For the next 25 years Spencer lived and worked in Bucks County, becoming one of the most prominent members of the Pennsylvania Impressionist art colony. He suffered several nervous breakdowns in the 1920s, and in 1931 took his own life.

Spencer became one of the most visible artists in the New York art world in the teens. His first success came in 1914, when the Metropolitan Museum of Art purchased one of his major early canvases, "Repairing the Bridge". The celebrated collector Duncan Phillips then took an interest in Spencer's work, eventually purchasing eight of Spencer's canvases, currently housed in the Phillips Collection in Washington, DC.

The two men became friends, and Phillips appointed Spencer to the Committee on Scope and Plan of the new gallery then being created by Phillips. After Spencer's death, Phillips praised Spencer as "a rebel always against the standardized and stereotyped in art." Phillips believed that "there [was] no other painter, not John Sloan or Edward Hopper, more pungently American in expression." Spencer also has work in the collections of the Brooklyn Museum, the Carnegie Institute, the Corcoran Gallery of Art, and the Detroit Institute of the Arts. In 1915, he won a gold medal at the prestigious Panama-Pacific International Exposition in San Francisco.

Stylistically, Spencer differed radically from most of his Pennsylvania Impressionist colleagues. Probably influenced by Henri and the Ashcan School, Spencer made his reputation with skillful, evocative renderings of the everyday life of his community, often depicting the mills, tenements, and factories of New Hope and surrounding areas. "A landscape without a building or a figure, " he said, " is a very lonely picture to me."

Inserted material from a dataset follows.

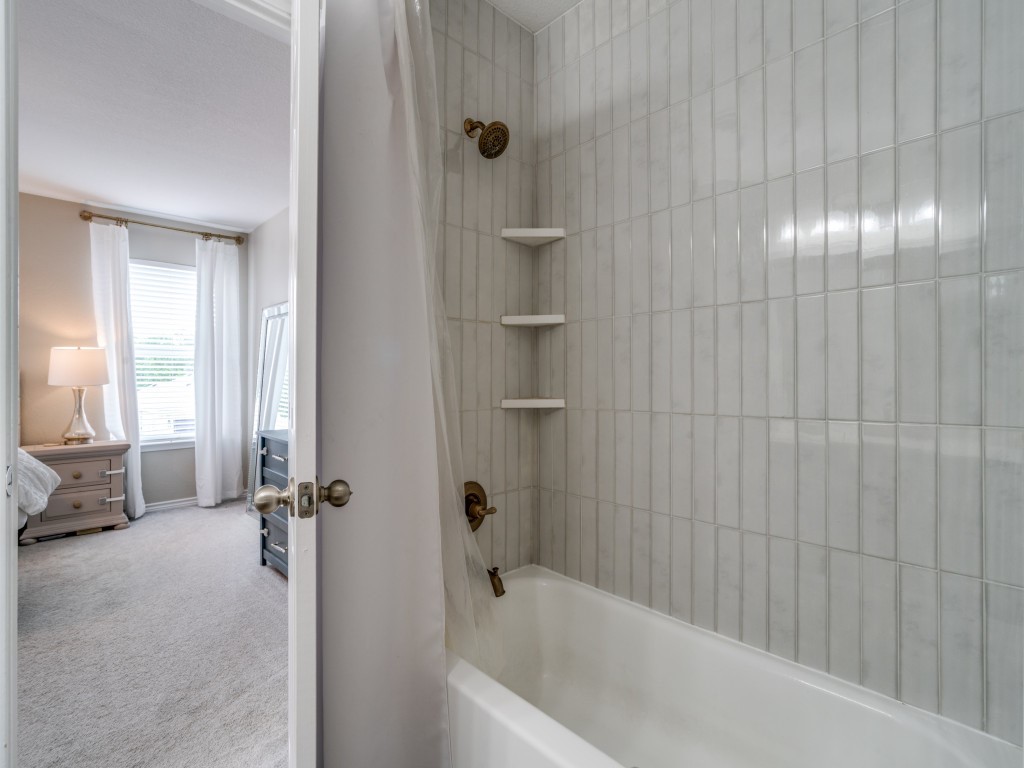 6928 Planters Row Drive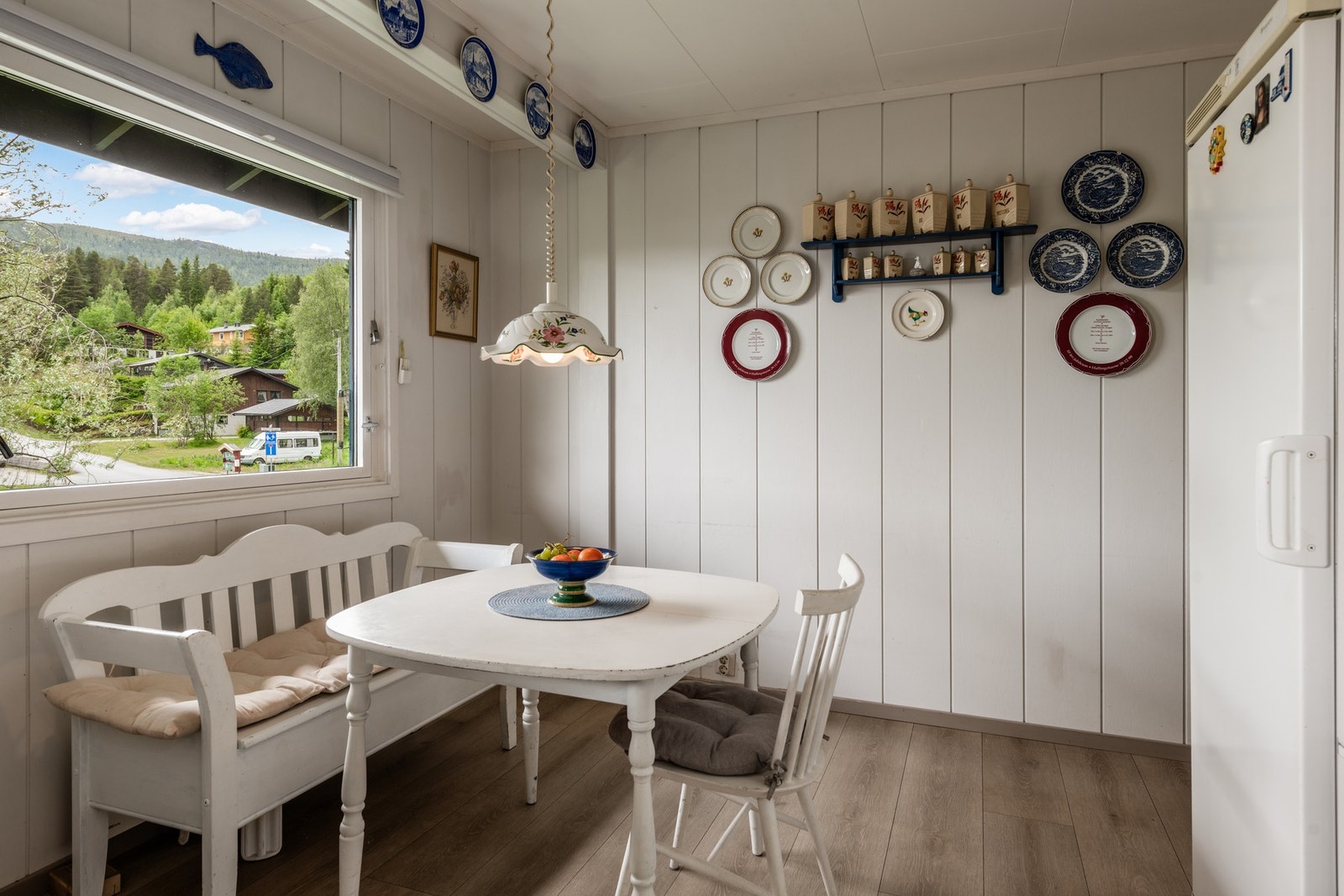 Koselig spisebord ved kjøkkenvinduet Galleribilde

Later Spencer painted more fanciful European scenes, many of which he did from his imagination, since he did not actually travel to Europe until 1925. Spencer's painting "Mountebanks and Thieves" won a prize at the 1926 Carnegie International Exhibition in Pittsburgh, and juror Pierre Bonnard said, "Mr. Spencer . . . is in the full vigor of his talent which is great. His art does not resemble European art, a rare fact in America."

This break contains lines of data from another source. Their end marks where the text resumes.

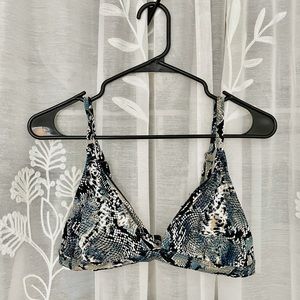 Snake print bikini top🐍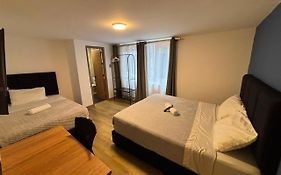 Apartahotel Retiro79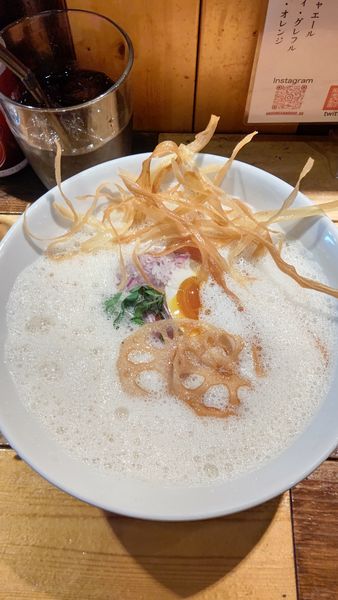 「泡鶏白湯　980円」@アンドレカンドレラーメンの写真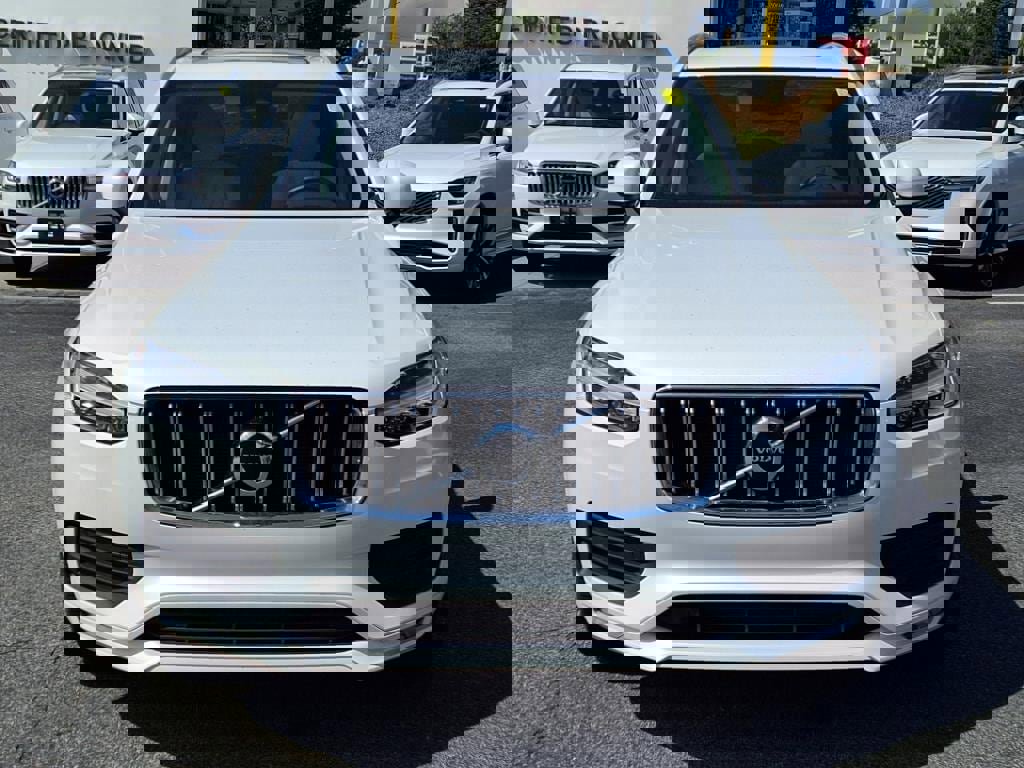 Used 2023 Volvo XC90 B6 Core w/ Protection Package Premier image 10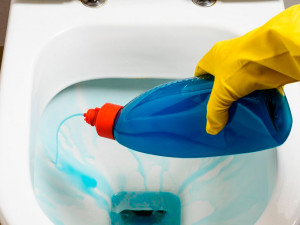 Testy ukázaly, že většina WC čističů nedokáže odstranit vodní kámen bez pomoci kartáče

Biography courtesy of Roughton Galleries, www.antiquesandfineart.com/roughton

Robert Spencer attended the National Academy of Design from 1899-1901 and then went to the New York School of Design (1903-05). In 1909 Spencer studied independently with Daniel Garber, a popular artist of the New Hope School who also taught at the Pennsylvania Academy of Fine Art. Spencer himself became a New Hope Impressionist working in Bucks County, PA. He painted local architecture in its setting rather than in rural landscapes. By 1913 Spencer preferred to depict the living and working conditions of mill workers. He combined social subject matter with the technical advances of the New Hope School. His later work centered on crowded tenements, recording the intimate and frank views from dilapidated backyards. Spencer used somber colors like warm grays and blues, applied in strokes to emphasize an overall flat patterning of the composition. In the summer of 1925 Spencer taught at the PAFA. Spencer committed suicide in 1931.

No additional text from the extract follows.